▶ [WORK INSTRUCTION] From the line with "The little girl" through the line with "istock One hundred", inclusive, return each line of the data below exactly and leave the rest out.

_ _ _ _ _

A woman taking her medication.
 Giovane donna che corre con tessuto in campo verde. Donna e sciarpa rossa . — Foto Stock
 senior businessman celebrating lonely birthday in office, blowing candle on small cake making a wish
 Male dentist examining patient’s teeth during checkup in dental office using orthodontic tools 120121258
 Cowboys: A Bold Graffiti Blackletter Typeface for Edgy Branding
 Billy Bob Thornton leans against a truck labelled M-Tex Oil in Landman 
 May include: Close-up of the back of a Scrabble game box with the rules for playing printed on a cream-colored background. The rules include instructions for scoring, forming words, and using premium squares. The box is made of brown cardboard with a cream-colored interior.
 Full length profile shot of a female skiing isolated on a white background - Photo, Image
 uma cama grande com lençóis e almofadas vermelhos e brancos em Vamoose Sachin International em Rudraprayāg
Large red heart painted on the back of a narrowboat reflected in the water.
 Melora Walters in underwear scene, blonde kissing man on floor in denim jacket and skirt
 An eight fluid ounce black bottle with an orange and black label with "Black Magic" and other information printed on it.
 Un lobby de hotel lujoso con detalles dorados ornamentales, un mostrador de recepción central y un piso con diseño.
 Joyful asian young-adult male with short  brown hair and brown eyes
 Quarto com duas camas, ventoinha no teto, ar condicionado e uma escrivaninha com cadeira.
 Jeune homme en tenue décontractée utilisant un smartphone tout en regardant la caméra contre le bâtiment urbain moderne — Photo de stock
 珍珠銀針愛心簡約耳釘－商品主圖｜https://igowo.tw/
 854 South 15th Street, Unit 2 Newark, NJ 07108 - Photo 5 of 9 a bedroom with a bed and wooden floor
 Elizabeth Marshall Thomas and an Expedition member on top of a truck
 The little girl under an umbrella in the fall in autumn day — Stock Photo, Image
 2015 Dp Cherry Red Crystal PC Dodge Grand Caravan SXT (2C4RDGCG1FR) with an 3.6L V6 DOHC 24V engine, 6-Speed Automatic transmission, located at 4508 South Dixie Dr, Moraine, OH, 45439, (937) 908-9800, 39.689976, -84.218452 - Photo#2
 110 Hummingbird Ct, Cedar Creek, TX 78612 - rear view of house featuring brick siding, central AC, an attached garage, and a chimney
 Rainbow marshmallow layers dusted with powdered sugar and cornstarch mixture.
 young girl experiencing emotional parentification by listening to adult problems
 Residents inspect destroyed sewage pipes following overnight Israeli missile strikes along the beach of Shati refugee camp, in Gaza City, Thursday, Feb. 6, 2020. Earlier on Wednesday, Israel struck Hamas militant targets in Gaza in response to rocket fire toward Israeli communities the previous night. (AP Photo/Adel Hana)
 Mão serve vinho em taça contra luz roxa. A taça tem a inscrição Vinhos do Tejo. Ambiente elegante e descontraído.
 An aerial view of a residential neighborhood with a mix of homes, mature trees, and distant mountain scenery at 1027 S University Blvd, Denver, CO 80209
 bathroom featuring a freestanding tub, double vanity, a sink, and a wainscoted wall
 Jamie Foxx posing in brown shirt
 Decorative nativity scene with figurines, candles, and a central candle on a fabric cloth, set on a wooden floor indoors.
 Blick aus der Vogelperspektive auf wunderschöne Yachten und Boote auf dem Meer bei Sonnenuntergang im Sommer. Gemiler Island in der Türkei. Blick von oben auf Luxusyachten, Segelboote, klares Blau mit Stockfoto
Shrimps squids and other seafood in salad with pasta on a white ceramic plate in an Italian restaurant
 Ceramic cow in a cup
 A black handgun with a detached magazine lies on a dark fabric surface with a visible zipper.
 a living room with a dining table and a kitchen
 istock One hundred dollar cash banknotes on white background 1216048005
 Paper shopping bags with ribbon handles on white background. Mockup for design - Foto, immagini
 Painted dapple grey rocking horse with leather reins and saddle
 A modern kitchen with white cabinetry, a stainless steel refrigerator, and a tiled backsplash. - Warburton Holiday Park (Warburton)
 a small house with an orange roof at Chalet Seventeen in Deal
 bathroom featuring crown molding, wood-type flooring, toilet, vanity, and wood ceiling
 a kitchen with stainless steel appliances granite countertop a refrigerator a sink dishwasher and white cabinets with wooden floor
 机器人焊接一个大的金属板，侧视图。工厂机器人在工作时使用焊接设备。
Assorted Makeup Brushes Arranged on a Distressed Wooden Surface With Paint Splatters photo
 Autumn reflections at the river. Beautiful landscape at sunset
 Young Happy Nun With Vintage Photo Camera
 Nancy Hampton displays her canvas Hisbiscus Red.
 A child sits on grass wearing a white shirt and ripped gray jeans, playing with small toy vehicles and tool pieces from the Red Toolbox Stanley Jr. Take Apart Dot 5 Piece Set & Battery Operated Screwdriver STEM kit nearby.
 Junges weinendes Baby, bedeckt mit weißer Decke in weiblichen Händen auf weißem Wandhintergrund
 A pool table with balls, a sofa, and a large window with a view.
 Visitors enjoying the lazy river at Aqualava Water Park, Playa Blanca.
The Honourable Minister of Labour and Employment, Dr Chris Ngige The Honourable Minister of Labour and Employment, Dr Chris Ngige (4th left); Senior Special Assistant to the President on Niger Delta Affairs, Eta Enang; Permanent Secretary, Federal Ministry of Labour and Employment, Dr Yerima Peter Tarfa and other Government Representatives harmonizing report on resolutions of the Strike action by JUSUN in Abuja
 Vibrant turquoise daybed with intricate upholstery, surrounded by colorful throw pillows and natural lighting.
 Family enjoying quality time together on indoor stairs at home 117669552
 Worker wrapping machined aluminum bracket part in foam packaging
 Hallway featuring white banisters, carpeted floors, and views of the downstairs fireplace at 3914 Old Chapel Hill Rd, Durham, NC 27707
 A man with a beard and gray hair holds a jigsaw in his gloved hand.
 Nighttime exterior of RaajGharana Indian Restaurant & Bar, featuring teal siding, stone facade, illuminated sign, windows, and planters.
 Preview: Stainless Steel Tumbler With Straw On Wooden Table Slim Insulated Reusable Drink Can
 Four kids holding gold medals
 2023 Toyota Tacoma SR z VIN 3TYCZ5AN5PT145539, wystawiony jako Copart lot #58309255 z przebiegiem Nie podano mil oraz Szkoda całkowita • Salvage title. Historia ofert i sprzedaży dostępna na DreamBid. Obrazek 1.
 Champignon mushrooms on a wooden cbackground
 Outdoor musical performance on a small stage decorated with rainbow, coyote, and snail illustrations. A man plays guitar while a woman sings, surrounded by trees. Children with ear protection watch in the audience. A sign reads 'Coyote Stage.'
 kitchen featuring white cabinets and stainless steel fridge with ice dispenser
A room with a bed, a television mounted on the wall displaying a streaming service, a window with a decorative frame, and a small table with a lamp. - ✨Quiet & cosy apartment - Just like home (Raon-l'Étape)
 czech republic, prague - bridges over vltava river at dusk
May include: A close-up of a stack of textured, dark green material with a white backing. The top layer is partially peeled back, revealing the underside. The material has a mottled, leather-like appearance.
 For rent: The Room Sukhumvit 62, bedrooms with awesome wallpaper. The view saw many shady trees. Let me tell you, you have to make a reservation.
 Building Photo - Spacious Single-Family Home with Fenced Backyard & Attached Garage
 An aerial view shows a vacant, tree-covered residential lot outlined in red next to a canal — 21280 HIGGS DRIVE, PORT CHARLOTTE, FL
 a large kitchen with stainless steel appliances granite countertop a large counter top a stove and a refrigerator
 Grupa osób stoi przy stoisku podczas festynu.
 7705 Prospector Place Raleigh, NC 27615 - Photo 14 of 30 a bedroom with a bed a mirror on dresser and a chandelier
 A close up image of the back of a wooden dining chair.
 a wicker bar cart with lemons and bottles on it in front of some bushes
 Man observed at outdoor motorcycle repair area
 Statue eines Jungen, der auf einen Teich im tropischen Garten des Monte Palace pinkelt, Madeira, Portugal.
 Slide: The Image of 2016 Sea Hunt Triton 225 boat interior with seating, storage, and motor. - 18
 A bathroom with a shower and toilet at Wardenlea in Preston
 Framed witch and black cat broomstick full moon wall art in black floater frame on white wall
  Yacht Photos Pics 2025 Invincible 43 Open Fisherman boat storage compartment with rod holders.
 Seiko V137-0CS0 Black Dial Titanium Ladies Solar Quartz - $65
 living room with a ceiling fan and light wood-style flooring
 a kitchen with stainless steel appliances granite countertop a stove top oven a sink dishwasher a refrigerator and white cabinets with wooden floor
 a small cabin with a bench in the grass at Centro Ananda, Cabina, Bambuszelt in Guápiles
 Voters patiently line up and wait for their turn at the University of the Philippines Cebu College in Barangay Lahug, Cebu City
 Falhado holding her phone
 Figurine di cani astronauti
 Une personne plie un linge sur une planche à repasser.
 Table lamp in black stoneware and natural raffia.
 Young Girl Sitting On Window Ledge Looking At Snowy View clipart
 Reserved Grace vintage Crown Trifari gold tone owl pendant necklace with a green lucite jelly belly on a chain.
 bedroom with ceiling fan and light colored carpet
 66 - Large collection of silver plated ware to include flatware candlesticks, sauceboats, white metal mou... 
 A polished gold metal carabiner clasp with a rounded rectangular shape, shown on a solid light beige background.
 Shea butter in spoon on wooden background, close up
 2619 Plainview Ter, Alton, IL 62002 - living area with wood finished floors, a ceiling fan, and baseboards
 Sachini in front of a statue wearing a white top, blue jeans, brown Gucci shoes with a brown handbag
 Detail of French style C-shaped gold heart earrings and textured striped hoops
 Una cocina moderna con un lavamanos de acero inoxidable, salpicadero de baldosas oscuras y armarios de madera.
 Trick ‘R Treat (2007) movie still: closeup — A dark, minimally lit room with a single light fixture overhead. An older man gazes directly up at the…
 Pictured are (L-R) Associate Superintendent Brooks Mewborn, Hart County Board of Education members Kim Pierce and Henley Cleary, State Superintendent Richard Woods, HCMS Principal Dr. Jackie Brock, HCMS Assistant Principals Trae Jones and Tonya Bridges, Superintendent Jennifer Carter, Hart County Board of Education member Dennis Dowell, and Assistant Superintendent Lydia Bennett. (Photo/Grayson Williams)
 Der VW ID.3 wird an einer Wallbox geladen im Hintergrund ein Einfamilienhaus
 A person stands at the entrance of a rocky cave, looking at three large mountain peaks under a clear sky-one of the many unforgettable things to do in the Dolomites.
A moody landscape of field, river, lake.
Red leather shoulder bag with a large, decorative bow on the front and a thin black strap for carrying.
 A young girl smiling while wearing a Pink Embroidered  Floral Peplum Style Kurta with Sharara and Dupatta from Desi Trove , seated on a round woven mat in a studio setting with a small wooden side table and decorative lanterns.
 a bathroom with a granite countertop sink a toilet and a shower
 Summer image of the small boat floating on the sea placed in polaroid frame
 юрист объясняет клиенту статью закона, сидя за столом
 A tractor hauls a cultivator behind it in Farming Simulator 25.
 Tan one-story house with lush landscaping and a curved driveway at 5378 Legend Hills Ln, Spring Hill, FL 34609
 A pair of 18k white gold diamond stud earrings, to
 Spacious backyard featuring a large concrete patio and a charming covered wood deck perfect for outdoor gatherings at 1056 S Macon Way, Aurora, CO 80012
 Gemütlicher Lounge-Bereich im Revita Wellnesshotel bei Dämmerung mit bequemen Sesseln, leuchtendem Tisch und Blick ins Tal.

_ _ _ _ _

▶ [ANSWER AREA]
 The little girl under an umbrella in the fall in autumn day — Stock Photo, Image
 2015 Dp Cherry Red Crystal PC Dodge Grand Caravan SXT (2C4RDGCG1FR) with an 3.6L V6 DOHC 24V engine, 6-Speed Automatic transmission, located at 4508 South Dixie Dr, Moraine, OH, 45439, (937) 908-9800, 39.689976, -84.218452 - Photo#2
 110 Hummingbird Ct, Cedar Creek, TX 78612 - rear view of house featuring brick siding, central AC, an attached garage, and a chimney
 Rainbow marshmallow layers dusted with powdered sugar and cornstarch mixture.
 young girl experiencing emotional parentification by listening to adult problems
 Residents inspect destroyed sewage pipes following overnight Israeli missile strikes along the beach of Shati refugee camp, in Gaza City, Thursday, Feb. 6, 2020. Earlier on Wednesday, Israel struck Hamas militant targets in Gaza in response to rocket fire toward Israeli communities the previous night. (AP Photo/Adel Hana)
 Mão serve vinho em taça contra luz roxa. A taça tem a inscrição Vinhos do Tejo. Ambiente elegante e descontraído.
 An aerial view of a residential neighborhood with a mix of homes, mature trees, and distant mountain scenery at 1027 S University Blvd, Denver, CO 80209
 bathroom featuring a freestanding tub, double vanity, a sink, and a wainscoted wall
 Jamie Foxx posing in brown shirt
 Decorative nativity scene with figurines, candles, and a central candle on a fabric cloth, set on a wooden floor indoors.
 Blick aus der Vogelperspektive auf wunderschöne Yachten und Boote auf dem Meer bei Sonnenuntergang im Sommer. Gemiler Island in der Türkei. Blick von oben auf Luxusyachten, Segelboote, klares Blau mit Stockfoto
Shrimps squids and other seafood in salad with pasta on a white ceramic plate in an Italian restaurant
 Ceramic cow in a cup
 A black handgun with a detached magazine lies on a dark fabric surface with a visible zipper.
 a living room with a dining table and a kitchen
 istock One hundred dollar cash banknotes on white background 1216048005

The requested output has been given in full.